Every priest has the Mary-question put to him: “Will you give God a human nature?” Somewhere, sometime, during life, hidden in his vocation to the priesthood, the same query was asked. The hesitation, the doubts, the deep sense of unworthiness were all conscious responses to the wonder of the call. “How shall this be?” is as much a part of vocation as it was that of the Virgin Mary. Why should God want my poor humanity – a “pot of earthenware to contain this treasure” (2 Cor 4:7)? The Lord came into Jerusalem on an ass and He can do it again! What endows the priest with power is not his worthiness, but the fact that he becomes an instrument of Christ. God will work through his human nature, miserable as it be. God did not choose angels as His ministers, nor did He choose anyone because he was better than the rest of men. – pg 80. ("did not choose angels" reminds me of Cardinal Newman's homily "Men, not angels, the priests of God" as printed in the handy edition by Notre Dame Press.)

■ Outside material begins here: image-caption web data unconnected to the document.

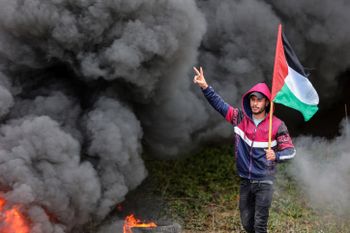 Palestinians burn tires during a protest on the border with Israel, east of Gaza City.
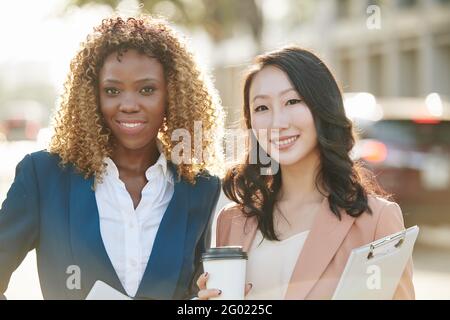 Portrait de jeunes femmes entrepreneures souriantes se tenant à l'extérieur le jour ensoleillé, buvant un café à emporter et regardant l'appareil photo Banque D'Images
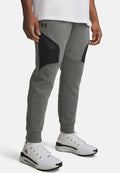 Under Armour UNSTOPPABLE FLEECE - Tracksuit bottoms - clay green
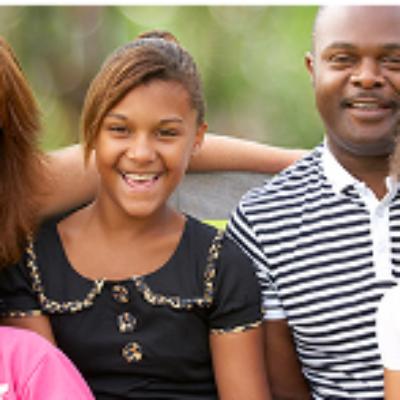 A family stands together outdoors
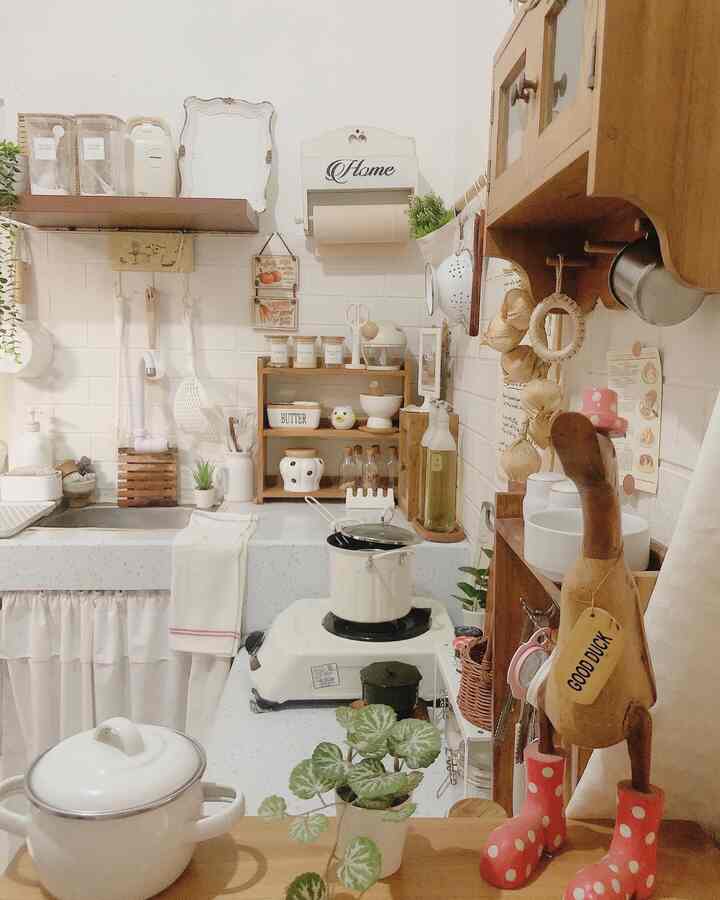 Natural and cozy kitchen space in white and wood tones featuring organized storage ideas and various kitchen utensils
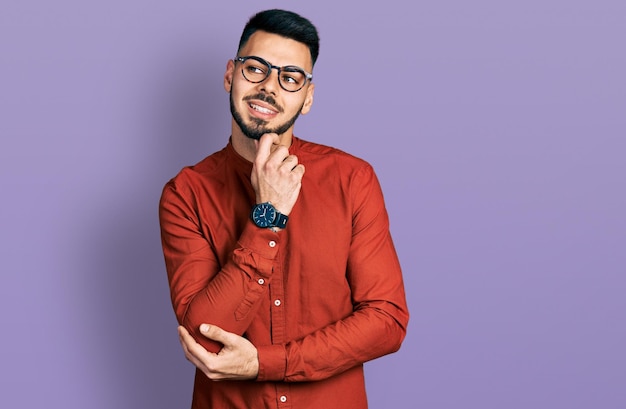 Giovane uomo ispanico con la barba che indossa camicia da lavoro e occhiali con la mano sul mento pensando alla domanda espressione pensierosa sorridente con il concetto di dubbio viso premuroso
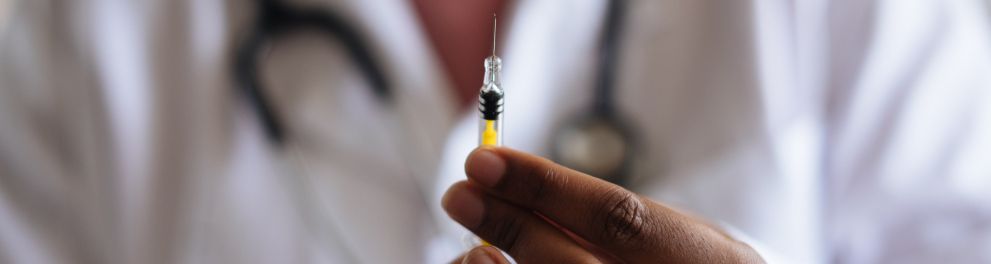 Imagem das mãos de um homem negro segurando uma injeção. Ao fundo, embaçado, podemos notar que trata-se de um médico, pois podemos ver o jaleco e o estetoscópio pendurado em volta do pescoço
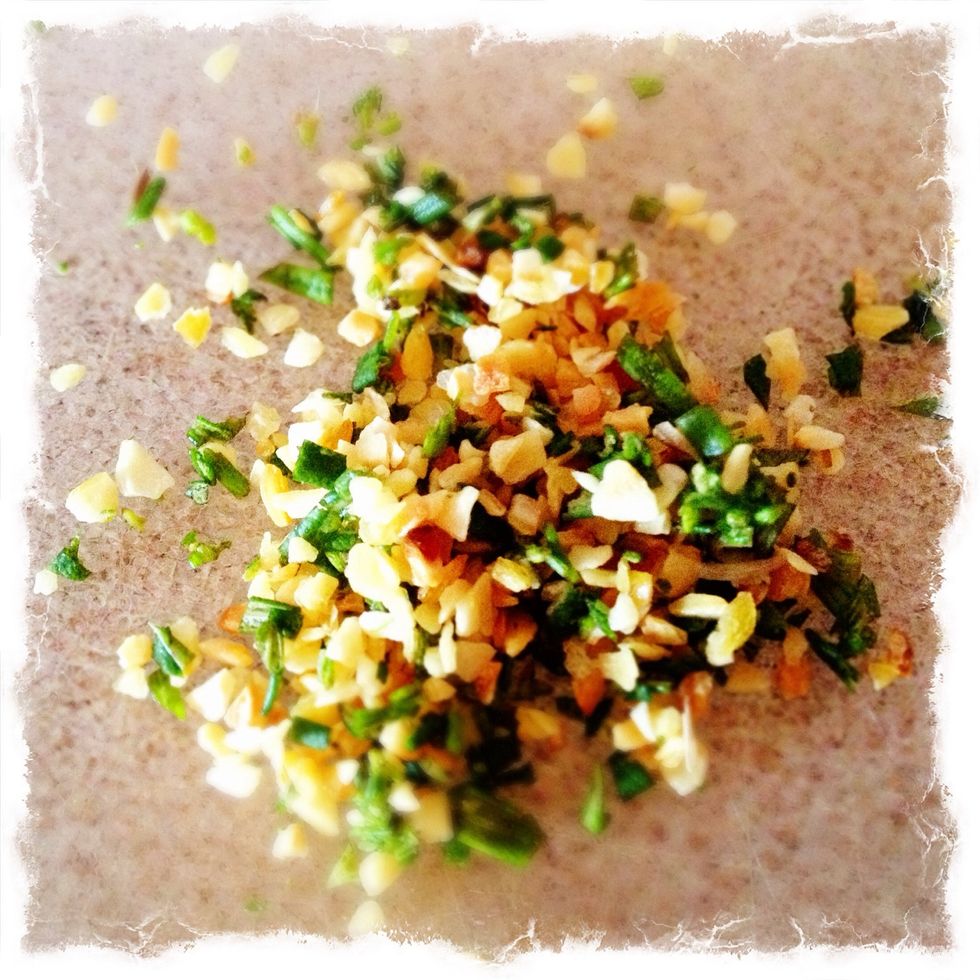 While the dutch-oven is heating up, mince the garlic and rosemary.  About a teaspoon of each.
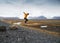 Tourist jumps over rocks in Iceland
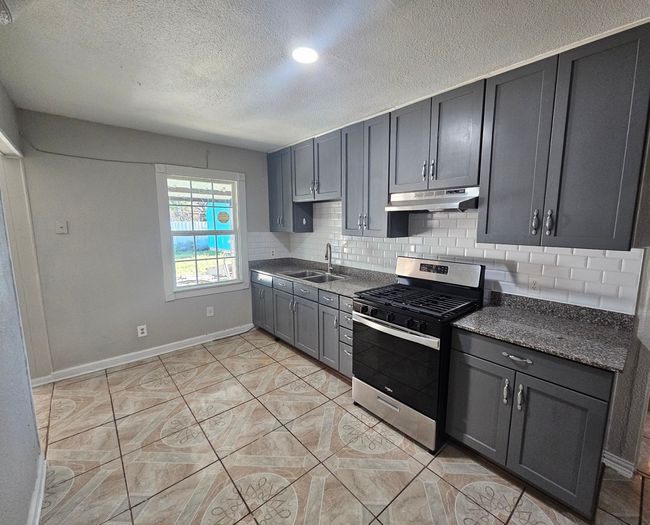 Kitchen with stainless steel range with gas cooktop, under cabinet range hood, tasteful backsplash, a textured ceiling, and gray cabinetry | Image 27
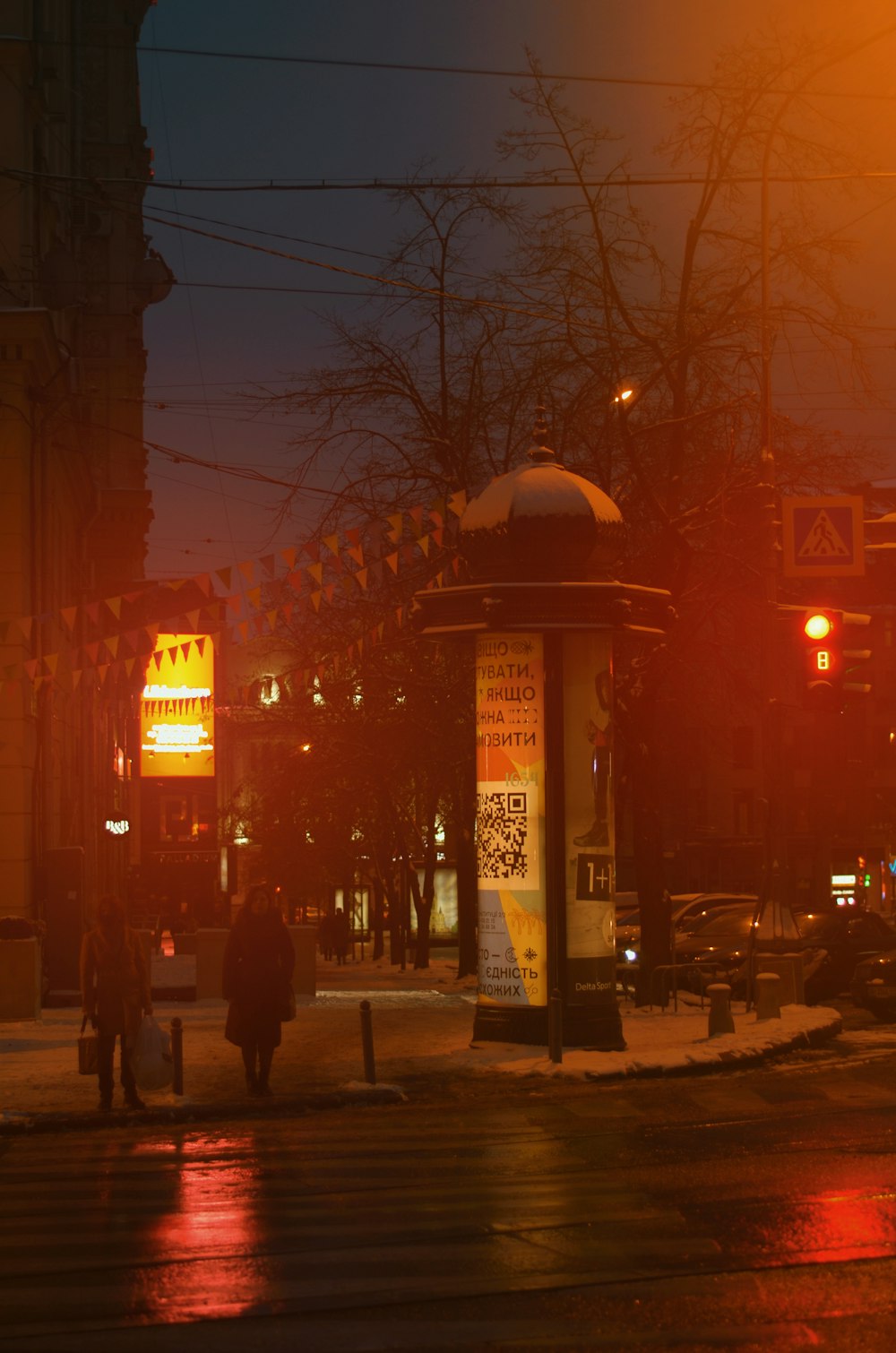 people walking on sidewalk during night time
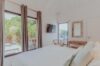 Bright bedroom with tropical views and pool access at Villa Amancaya, a private villa rental in St Barts.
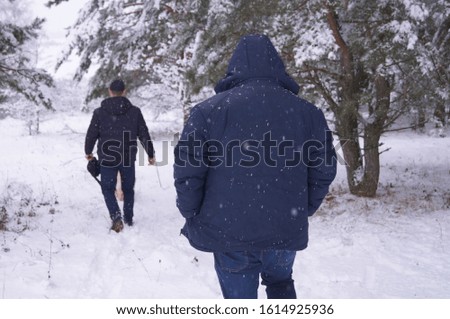 people in a snowy forest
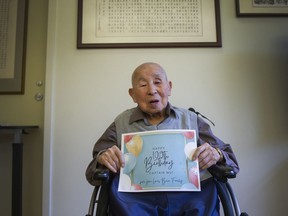 Ting Cheng Wu will turn 100 years old Feb. 22.  He did the Chinese calligraphy on the wall.
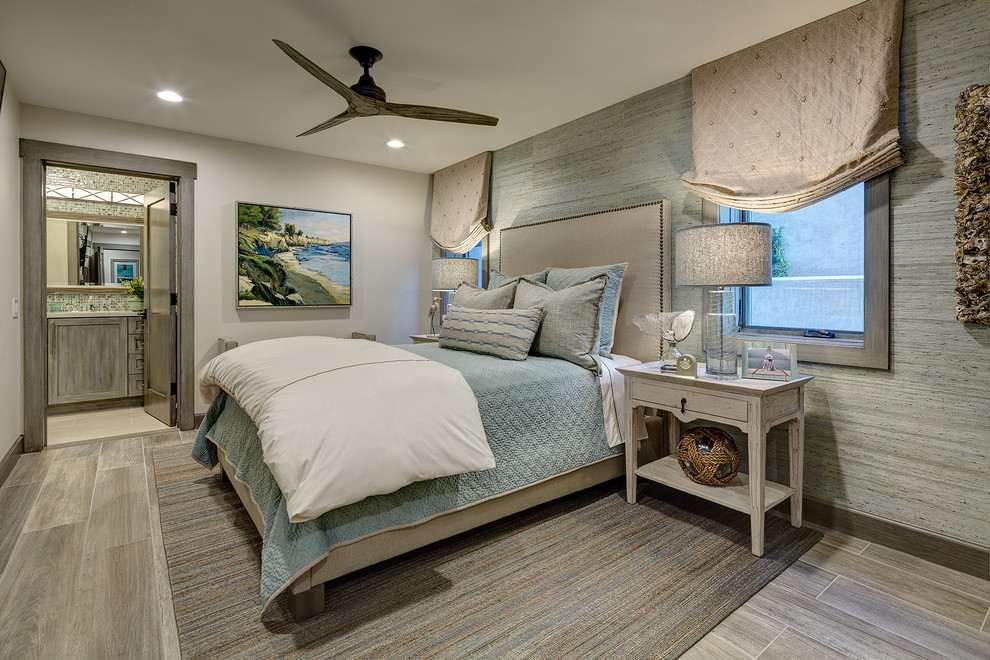 Design ideas for a medium sized beach style guest bedroom in Orange County with white walls, porcelain flooring and grey floors.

Two telling touchstones of a priest’s life are his attitudes to the Crucifix and the Eucharist. The three possible attitudes to Christ on the Cross are: antipathy, apathy, empathy.
Antipathy was represented by those who wanted a Creed but no Cross: “Let Him come down from the Cross, and then we will believe Him” (Mat 27:42). Belief but no discipline; catechetics but no mortification; assent but no self-control; dissent but no reform. The scoffers at the foot of the Cross were ready to believe everything the Lord has taught: the Eucharist, the Keys of Peter, the Trinity, even His Divinity. But there was one condition – no Cross. Much disbelief is not due to a want of an explanation or proof, but of a refusal to obey.
Apathy was personalized in those who shook dice: “After fastening Him to the Cross they divided His clothes among them by casting lots. And then sat down there to watch” (Mat 27:36). Spectators but no participators, they were involved with the world but not with redemption. Like the scribes whom Herod consulted as to where Christ would be born, they knew, but they did not go.
Empathy [is] represented by those who stood with Mary at the Cross. Everyone in the world is either on or underneath the Cross. No escape is possible. Some are on it through actual physical suffering or because they are identified with the sufferings of others in Christ’s name, like Mary and others standing at the Cross, missionaries, social workers, mothers of handicapped children, etc. Others are beneath it, demanding His Crucifixion, ridiculing sacrifice or being indifferent enough to play games under its shadow, or telling saintly priests they are “behind the times.” --- pgs 100 – 101.